The film follows Campbell Scott, a inventor of sorts, whose character has created something that will make the company he works for a lot of money. Keeping his hands on the secret seems easy enough. Should be.

I watched the first 45-60 minutes of this movie wondering what I was watching. I couldn't categorize the film, not because I couldn't follow it. Rather, I had no idea where the plot could or would go.

I should say that I was able to figure out where. And I knew what kind of movie it was. I started out thinking it was like an Alfred Hitchcock movie - maybe The Man Who Knew Too Much. Then I realized I was going about it all wrong. The Spanish Prisoner should be filed under Mamet in the video store, cause it has his handiwork written all over it.

That's both good and bad. Like I have noticed in his other movies (Heist and Spartan specifically), he pulls the wool over your eyes but leaves a peep hole. You get tricked, but the real trickery is making the trickery so obvious that you miss it anyway. I started to think, "That's not all that smart. It's simple, really. Maybe too simple." But that's the genius of Mamet - too simple to be dumb. Does that make sense? He plays your judgments against you. Trying to figure out what's happening only makes you miss things you should have been paying attention to.

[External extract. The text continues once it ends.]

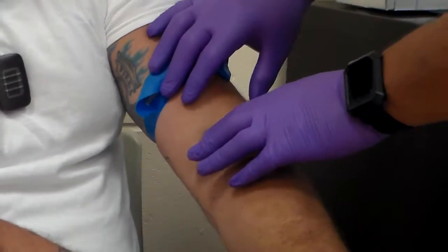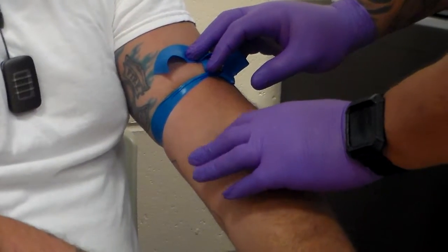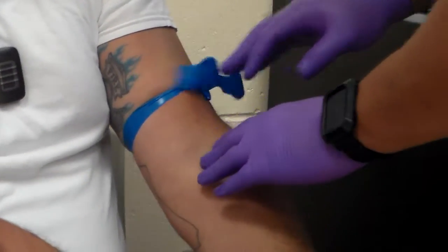Remember that this needle is an 18-gauge needle, so it is somewhat larger. You'll find your appropriate site and prepare for venipuncture.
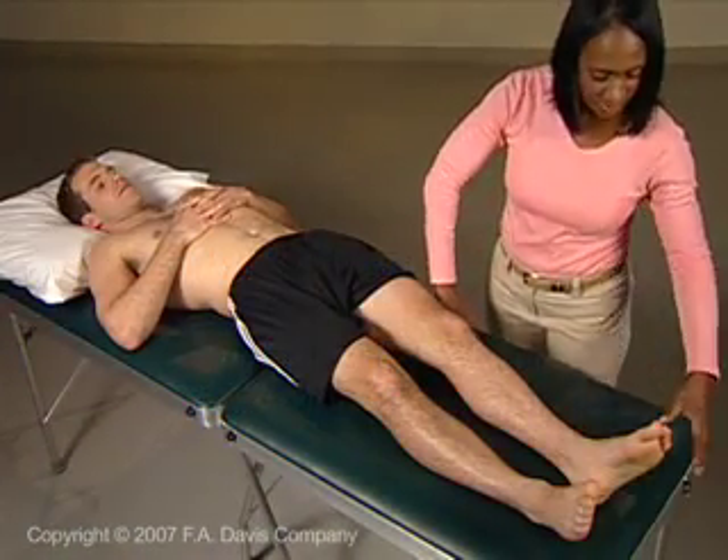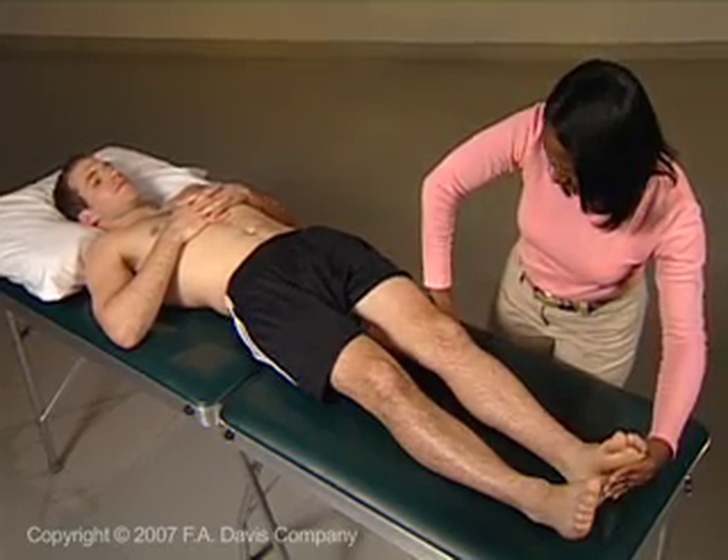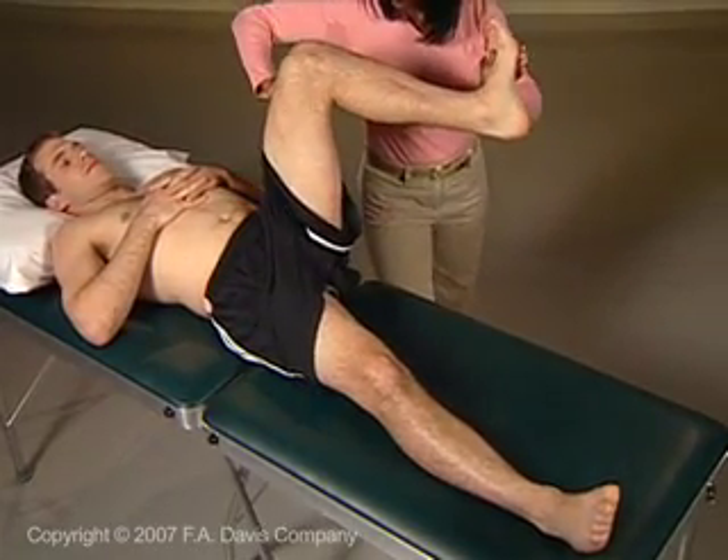For D2 flexion, position the hip in extension, adduction, and external rotation, the knee in extension, the ankle in plantar flexion and inversion, and the toes in flexion.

If Mamet's struggled at his own game, it's most apparent in The Spanish Prisoner. The problem isn't that he didn't take me for all I'm worth. He did. He got me fair and square. The problem is that he was too obvious this time around. He made specific reference points stick out (WAY out) in front of the audience. He said "This is important! Remember this!" So I did. In that way, he makes his most accessible movie. No one's gonna get lost. It's all there. The audience can jumble things around, question themselves, but still figure it out long before they're supposed to. I know I just said he got me. The thing is that any number of people could have paid enough attention to be on the up and up the whole way through. It's not hard. I'm just the kind of guy ripe for the fooling. That's not Mamet's fault. It's mine. His problem is over accentuating the clues.

I praise and criticize Mamet for the same thing. I must be out of my mind, right? A little. Happily, Mamet challenges me. He's always successful, but he doesn't always go about it the right way.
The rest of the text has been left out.